Mining and Magnetism: The Repulsion Effect

By Marissa J. Smith

Last month I attended Julian’s talk at Humboldt University of Berlin, “The Mongolian State and the Magnetism of Natural Resources.”

In the talk, Julian posed the question of how the presence of “natural resources” influence the shape and course of democratization and economic development in countries like Mongolia.

The concept that Julian created, that “natural resources” generate “magnetic fields,” sparked my imagination right away. In his talk, Julian gave a comprehensive review of mining projects in Mongolia and their place in the Mongolian imaginary of national development: Nalaikh as the foundation pit of the Mongolian working class, Erdenet as the modernist “milk cow,” and Oyu Tolgoi as the uncertain and contested present and future. As he demonstrated, the “magnetism” of natural resource projects has profoundly shaped Mongolia’s historical path, making it anything but a linear course of prosperous ascendance.

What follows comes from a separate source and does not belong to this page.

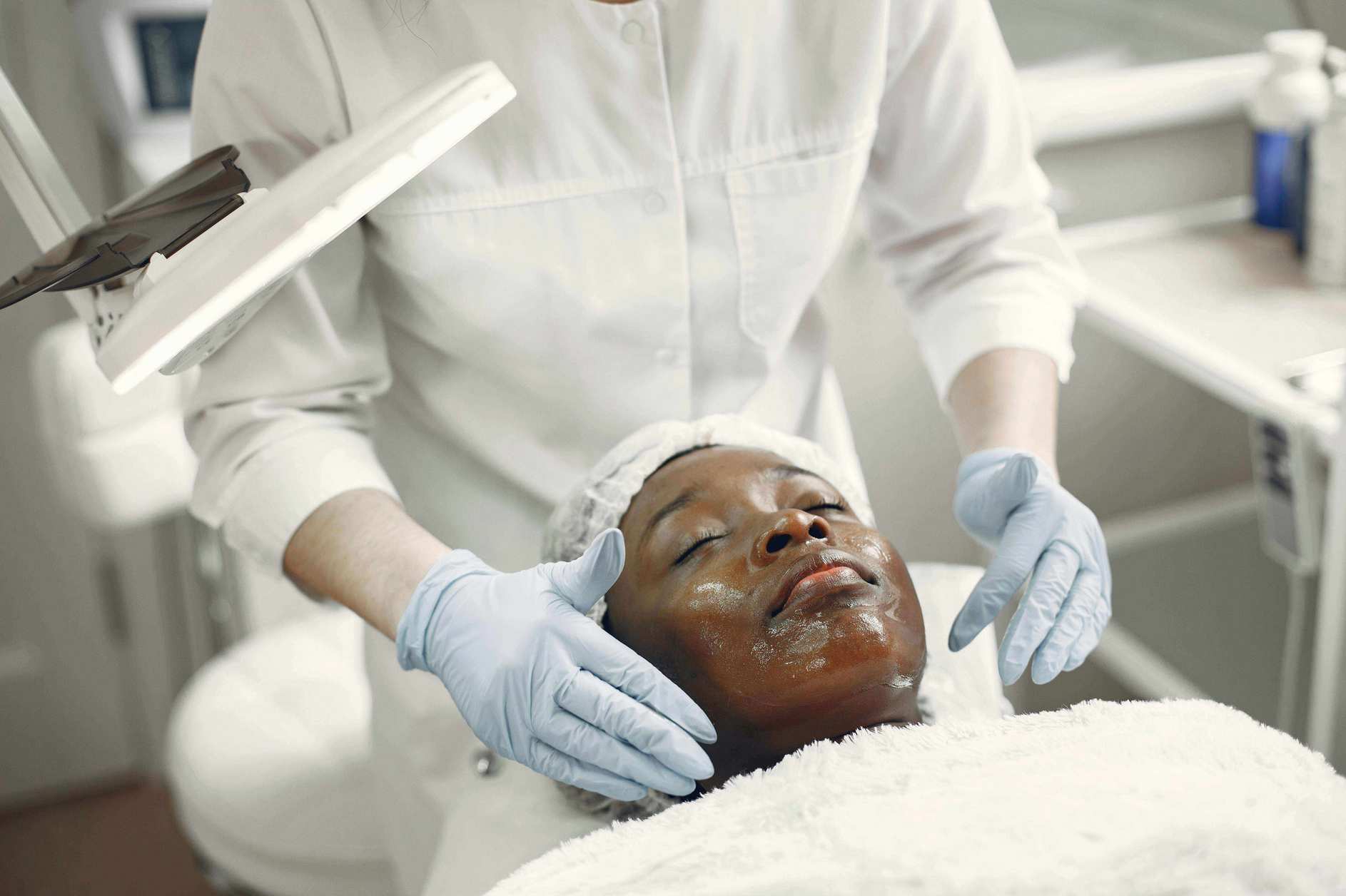 Fall Skin Care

While the primary association with magnets might be “attraction” (in the case of Mongolian mining, international investors, researchers, bilateral and multilateral agreements, and infrastructure projects), the “magnetism of mining” concept provoked me to consider how magnets and magnetic fields also produce “repulsion” (specialization, geopolitical pressure, and infrastructural restraints).

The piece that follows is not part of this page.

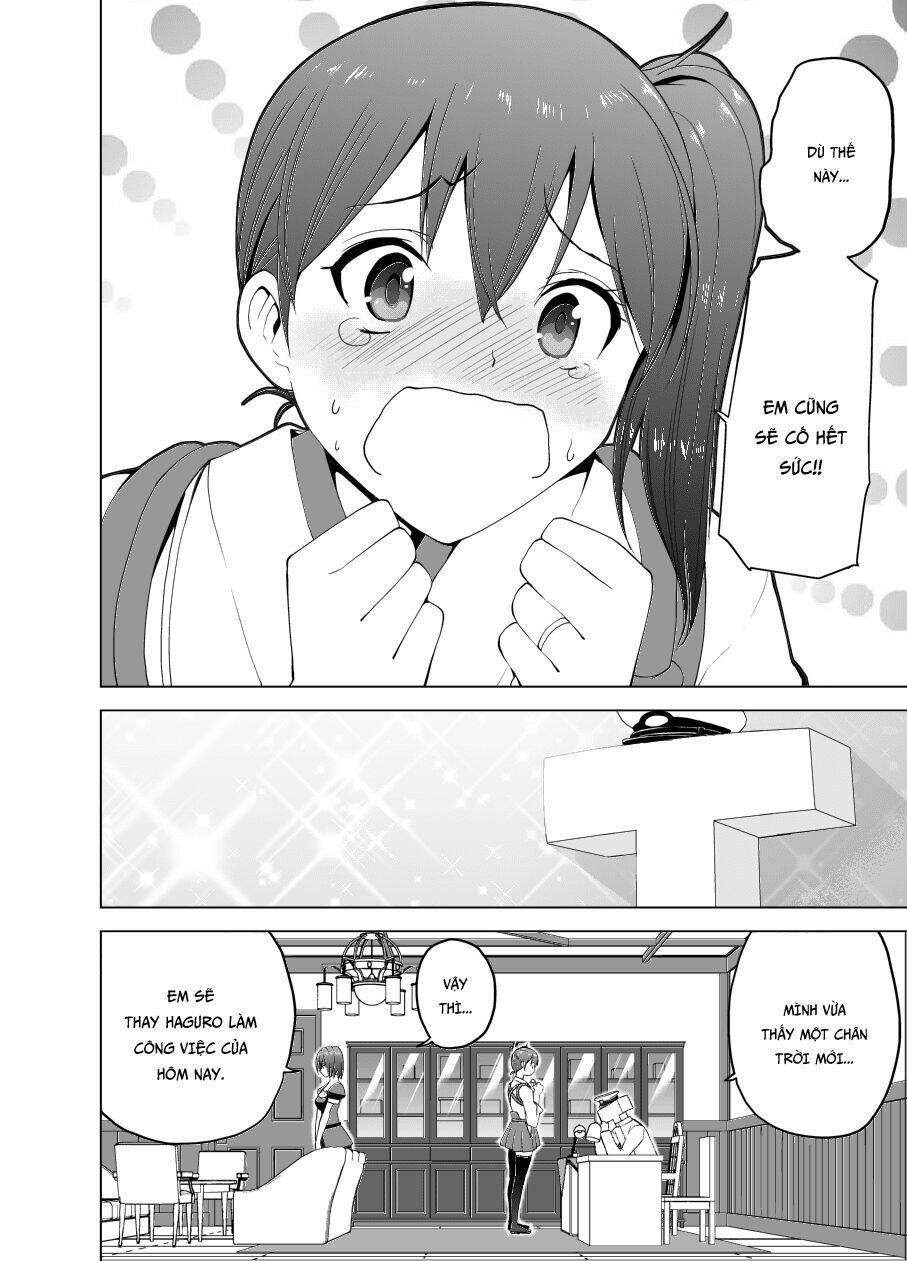 Kancolle Doujin Collection - Chapter 2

Fields of Mining Magnetic Repulsion
(Created using Gemini 3 and Freepik)

As Julian invited me to reflect on after his talk, the long-term data from Erdenet provides a direct illustration of this magnetism in action. However, looking through the lens Julian has provided, I began to see not just the “attraction” of the modernist “milk cow,” but also the “repulsion” — the specialization and geopolitical pressures — that his framework brings into focus. Acknowledging the “repulsion fields” of mining projects makes possible a particular vision as to how they can drive development gains, at both the local or regional level as well as the national level. While Erdenet functions as the national “milk cow” Julian described, his magnetism framework helps me illuminate how that wealth is not just an input for the national budget, but the regenerative source of a multiplicity of networks maintaining the prosperity of certain groups while repelling “outsiders” who are not “attracted” in by particular types of social physics, at least some of which are particular to the Mongolian context (including the deliberate pacing of more “federalist” reforms in Mongolian governance that Julian noted in his talk).

In the past months, Julian and I have focused on the Prime Minister, the Parliament, and mining in Mongolia as “national” dynamics. We have also documented, however, how as the Prime Minister and the Party have narrativized crises that have (for now at least) “unhappened” as issues of central control in the present to direct development by investigating corruption, collecting revenue from mining projects, and attracting foreign investors, Mongolia’s present problems are also deeply historical and remain caught up in long-standing “force fields.”